For a long time, Republicans ignored the Latino community, believing that they could not compete with ethnic Democratic politics. But the efforts by Jeb Bush and Mr. Hunter prove that Latinos are just as responsive to Republican principles of freedom and opportunity as other Americans, if they are asked.

Linda Chavez, a former Reagan appointee to the U.S. Civil Rights Commission, notes that "the Democrats want to treat all peoples as groups, as permanently disadvantaged minorities, [which] gives them the chance to use government spending to keep their votes."

But that approach ignores the differences between and within minority communities. During the Reagan-Bush decade, Latinos scored impressive gains: The number of Latino-owned businesses doubled, their income increased by about a fifth and their unemployment rate dropped from 13.8 percent in 1982 to 8 percent in 1989.

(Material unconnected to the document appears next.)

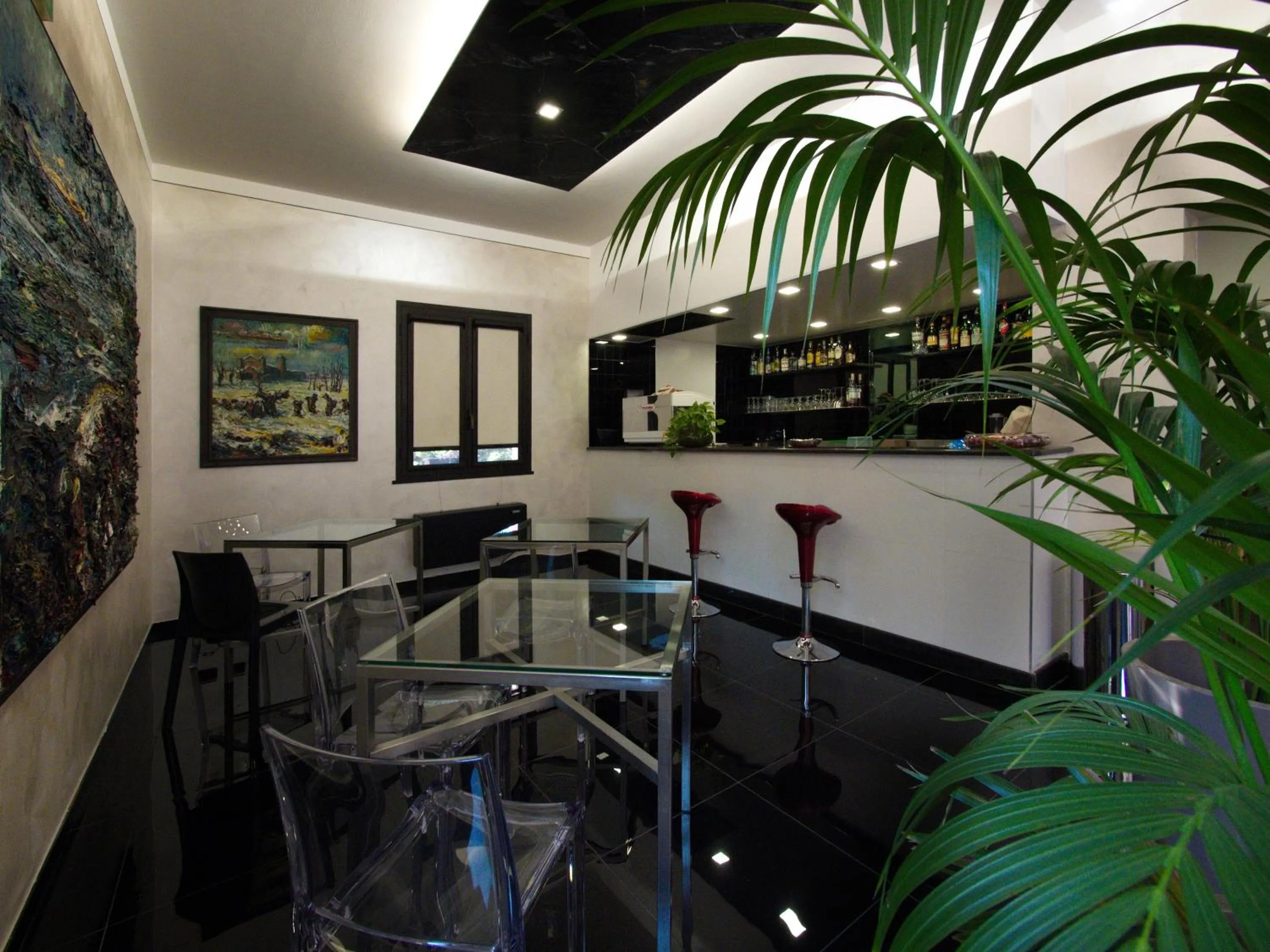 Lounge or bar in Hotel Versailles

Maybe this is why Latinos give the president such top marks these days. Well before the successful war with Iraq, they were giving him a higher approval rating than whites or blacks, according to a poll taken by Voter Research and Surveys -- even though half of the respondents said that they were Democrats.

The victory in the Persian Gulf has seen these already high marks skyrocket, with Univision and La Opinion (America's No. 1 Spanish-language TV station and daily newspaper, respectively) reporting it at 81 percent.

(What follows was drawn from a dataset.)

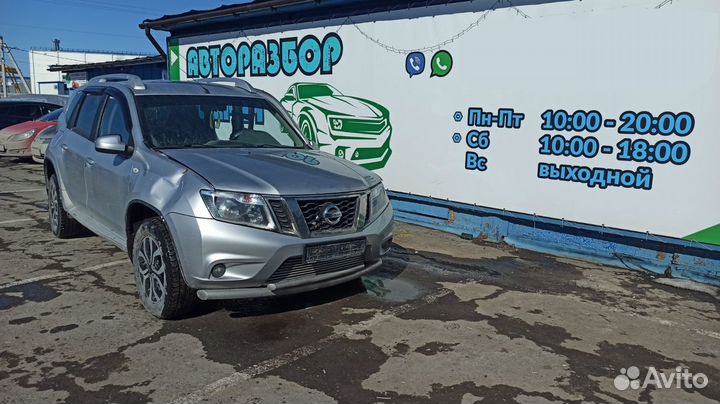 Переключатель корректора фар Nissan Terrano 3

"We don't have to tell these people about the American dream; that's why they're here," says Mr. Hunter, a normally Jack Kemp-style Republican who was in the odd position of opposing the president's request for fast-track negotiations on a free-trade agreement with Mexico. Mr. Hunter admits that this brought him some heat from his Latino friends.

Opposition to the fast-track request created a much more serious problem for Democrats in Congress. Among Latinos, it is becoming evident that the voters come second with the Democratic Party, after special-interest groups. This was clear in the free trade debate, given how the AFL-CIO made it such an issue, with some not-so-subtle references to Mexicans as "stealing" jobs from Americans.

Add to this the Democrats' growing distance from Latinos on social issues -- Latino-Americans are among the most socially conservative and family-oriented people in the United States -- and the Republicans have their opportunity.

Already some of this is showing up in the voting booth. Pete Wilson captured the California governorship with 47 percent of the Latino vote, and Jim Edgar took Illinois with 40 percent.

The fault lines should continue to emerge as President Bush gains ground not with token appointments but with a commitment to issues of strong appeal to Latinos, such as the war on drugs and Housing Secretary Kemp's emphasis on home ownership. Whatever their opinions on the free-trade issue, moreover, most Latino Americans are well aware of the dignity with which Mr. Bush has received his courageous Mexican counterpart, President Carlos Salinas de Gortari.

With what President Bush has going for him, and the success of the free-trade agreement, the Republican Party has its best chance ever to recruit a new generation of Latino Americans.

We Americans of Hispanic heritage are proud peoples from many different cultures, and the recent arrivals among us probably understand America's freedom better than many born here. By reaching out past the established institutions (which may have an interest in seeing Latinos treated as a minority), Republicans may find that they are setting the stage for not only a new era of world prosperity but also for a realignment of the tired political assumptions of the past.

Roxana Chahin is director of Latin American Affairs for the International Freedom Foundation in Washington. She wrote this commentary for the Los Angeles Times.